Baseline Characteristics

A total of 540 patients were enrolled in the study (Table 1): 230 patients did not receive any hypoglycemic therapy, 100 patients received insulin therapy alone, 54 patients took glimepiride, 65 patients received metformin, and 91 patients received acarbose. There were 400 males (74.1%), 181 patients (33.5%) with AIS, and 359 patients (66.5%) with ACS.

Univariate linear regression analysis

First, univariate linear regression analysis was performed, and the following statistically significant candidate risk factors screened by p < 0.1 were included (as shown in Table 2): sex, age, body mass index (BMI), smoking, low-density lipoprotein (LDL), platelet count, CYP2C19*2, antiplatelet regimen and insulin.

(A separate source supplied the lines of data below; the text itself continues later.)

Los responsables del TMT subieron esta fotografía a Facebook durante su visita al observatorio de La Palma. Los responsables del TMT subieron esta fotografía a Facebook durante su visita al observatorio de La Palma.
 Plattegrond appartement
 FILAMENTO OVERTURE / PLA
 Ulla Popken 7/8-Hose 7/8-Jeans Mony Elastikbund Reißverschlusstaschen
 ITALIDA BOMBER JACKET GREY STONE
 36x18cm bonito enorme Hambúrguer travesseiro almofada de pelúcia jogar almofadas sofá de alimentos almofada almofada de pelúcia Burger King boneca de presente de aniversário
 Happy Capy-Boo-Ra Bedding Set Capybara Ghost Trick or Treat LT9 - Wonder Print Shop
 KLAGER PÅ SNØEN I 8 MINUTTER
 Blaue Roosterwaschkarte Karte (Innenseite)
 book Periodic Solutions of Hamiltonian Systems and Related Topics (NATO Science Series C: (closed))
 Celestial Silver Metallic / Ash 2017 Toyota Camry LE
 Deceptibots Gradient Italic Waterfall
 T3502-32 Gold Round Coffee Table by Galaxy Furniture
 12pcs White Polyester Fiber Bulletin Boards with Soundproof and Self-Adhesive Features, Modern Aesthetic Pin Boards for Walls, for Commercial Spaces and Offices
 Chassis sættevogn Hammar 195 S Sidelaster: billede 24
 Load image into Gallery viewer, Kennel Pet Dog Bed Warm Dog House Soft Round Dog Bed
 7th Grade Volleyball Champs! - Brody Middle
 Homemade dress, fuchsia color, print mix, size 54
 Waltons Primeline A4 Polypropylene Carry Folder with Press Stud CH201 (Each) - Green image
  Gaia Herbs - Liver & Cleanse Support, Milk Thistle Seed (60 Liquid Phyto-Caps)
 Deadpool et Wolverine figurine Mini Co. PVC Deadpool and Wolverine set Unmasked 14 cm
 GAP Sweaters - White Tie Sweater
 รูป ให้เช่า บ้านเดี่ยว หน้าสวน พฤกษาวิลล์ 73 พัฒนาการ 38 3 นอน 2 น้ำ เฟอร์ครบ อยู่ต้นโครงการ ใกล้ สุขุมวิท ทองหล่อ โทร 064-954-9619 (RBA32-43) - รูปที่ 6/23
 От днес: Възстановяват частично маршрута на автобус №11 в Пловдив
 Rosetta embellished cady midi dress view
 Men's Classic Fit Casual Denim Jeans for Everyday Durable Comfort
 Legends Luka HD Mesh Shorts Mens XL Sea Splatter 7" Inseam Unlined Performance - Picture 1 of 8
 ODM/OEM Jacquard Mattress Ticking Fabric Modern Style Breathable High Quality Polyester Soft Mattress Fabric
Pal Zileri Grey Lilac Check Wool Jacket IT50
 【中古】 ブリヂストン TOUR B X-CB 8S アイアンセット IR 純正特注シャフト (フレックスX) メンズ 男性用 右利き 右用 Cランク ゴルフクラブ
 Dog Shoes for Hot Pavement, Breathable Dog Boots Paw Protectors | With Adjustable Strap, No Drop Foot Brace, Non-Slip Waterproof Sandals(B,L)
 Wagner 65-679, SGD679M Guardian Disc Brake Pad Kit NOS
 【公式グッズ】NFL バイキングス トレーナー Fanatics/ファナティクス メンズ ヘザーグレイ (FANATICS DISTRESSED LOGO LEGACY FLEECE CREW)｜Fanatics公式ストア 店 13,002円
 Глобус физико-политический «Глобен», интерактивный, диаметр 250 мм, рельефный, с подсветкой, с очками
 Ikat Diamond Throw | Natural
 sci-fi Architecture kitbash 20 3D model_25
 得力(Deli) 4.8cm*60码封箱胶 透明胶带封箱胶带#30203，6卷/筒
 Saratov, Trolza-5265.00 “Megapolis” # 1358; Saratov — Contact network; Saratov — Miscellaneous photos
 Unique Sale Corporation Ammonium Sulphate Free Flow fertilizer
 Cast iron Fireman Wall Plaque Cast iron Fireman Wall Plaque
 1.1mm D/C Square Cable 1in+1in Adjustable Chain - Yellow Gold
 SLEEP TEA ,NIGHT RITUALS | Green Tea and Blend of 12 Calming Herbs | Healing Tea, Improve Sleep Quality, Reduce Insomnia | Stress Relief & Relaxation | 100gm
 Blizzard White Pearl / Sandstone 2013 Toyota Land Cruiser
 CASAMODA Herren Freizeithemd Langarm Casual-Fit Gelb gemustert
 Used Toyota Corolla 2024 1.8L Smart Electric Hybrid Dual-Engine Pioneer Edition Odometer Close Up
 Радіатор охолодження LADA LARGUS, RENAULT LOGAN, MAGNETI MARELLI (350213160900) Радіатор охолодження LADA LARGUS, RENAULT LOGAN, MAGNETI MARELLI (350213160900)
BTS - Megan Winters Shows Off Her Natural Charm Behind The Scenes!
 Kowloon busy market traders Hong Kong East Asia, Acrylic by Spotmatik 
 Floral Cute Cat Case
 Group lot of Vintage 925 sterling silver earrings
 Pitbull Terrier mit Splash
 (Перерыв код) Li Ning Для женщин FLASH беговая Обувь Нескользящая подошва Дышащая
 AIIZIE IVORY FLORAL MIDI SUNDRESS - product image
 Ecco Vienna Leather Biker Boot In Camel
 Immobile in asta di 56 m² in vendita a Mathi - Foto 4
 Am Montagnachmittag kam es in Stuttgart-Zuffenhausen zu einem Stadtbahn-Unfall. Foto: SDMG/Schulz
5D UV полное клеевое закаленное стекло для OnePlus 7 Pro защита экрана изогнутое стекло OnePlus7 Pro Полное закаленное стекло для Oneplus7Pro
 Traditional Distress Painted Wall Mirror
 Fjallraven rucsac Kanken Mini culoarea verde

Stratified regression analysis

Then, we adopted stratified regression to analyze the effects of hypoglycemic regimens on MAADP tested by TEG by adjusting for antiplatelet therapy regimens and demographic, genetic, biochemical, and lifestyle factors. By drawing a partial regression scatter plot and the scatter plot of the studentized residual and predicted values, a linear relationship between each risk factor and the square root of MAADP was determined.
Independent of each observation, values (Durbin-Watson test value is 1.928) were validated, and equal variance of data was confirmed by plotting the scatter plot between the studentized residual and the unnormalized predicted value.
The regression tolerance of all variables was greater than 0.1, and the variance inflation factors were less than 10; thus, there was no multicollinearity between variables. In the outlier test, there was no observed value where the studentized residual was greater than 3 times the standard deviations, data leverage values were less than 0.2, and there was no value where the Cook distance was greater than 1. The QQ diagram suggests that the research data satisfy the normal hypothesis.
After adjusting for candidate factors, we found that insulin therapy, antiplatelet therapy, sex, age, platelet count, and CYP2C19*2 were statistically significant. In the initial model, R2=0.016, F (4,534) = 2.181 (p = 0.070),only the hypoglycemic regimen (insulin therapy alone, sulfonylurea, metformin, acarbose) was included, and insulin alone was statistically significant (p = 0.009). After adjusting for antiplatelet therapy , in Model 2, R2 =0.028, F (5,534) = 3.042 (p = 0.010), insulin therapy (p =0.015) and antiplatelet therapy (p =0.012) were statistically significant. After Model 3 was corrected for demographic data and lifestyle-related factors (sex, age, BMI, smoking), R2 = 0.083, F (9, 530) = 5.325 (p < 0.001) insulin therapy (p =0.030) was still statistically significant; when we continued to compare physicochemical indexes (platelet count and LDL), insulin therapy (p =0.021) remained statistically significant, Model 4, R2 = 0.097, F (11,528) = 5.171 (p < 0.001). Finally, we corrected for the genetic factors (CYP2C19*2), and insulin therapy (p =0.036) remained statistically significant, Model 5, R2 =0.110, F (12, 527) = 5.432 (p < 0.001). In conclusion, after multiple factors were adjusted for, the effect of insulin therapy (p =0.036) on MAADP was always statistically significant. The specific results are shown in Table 3.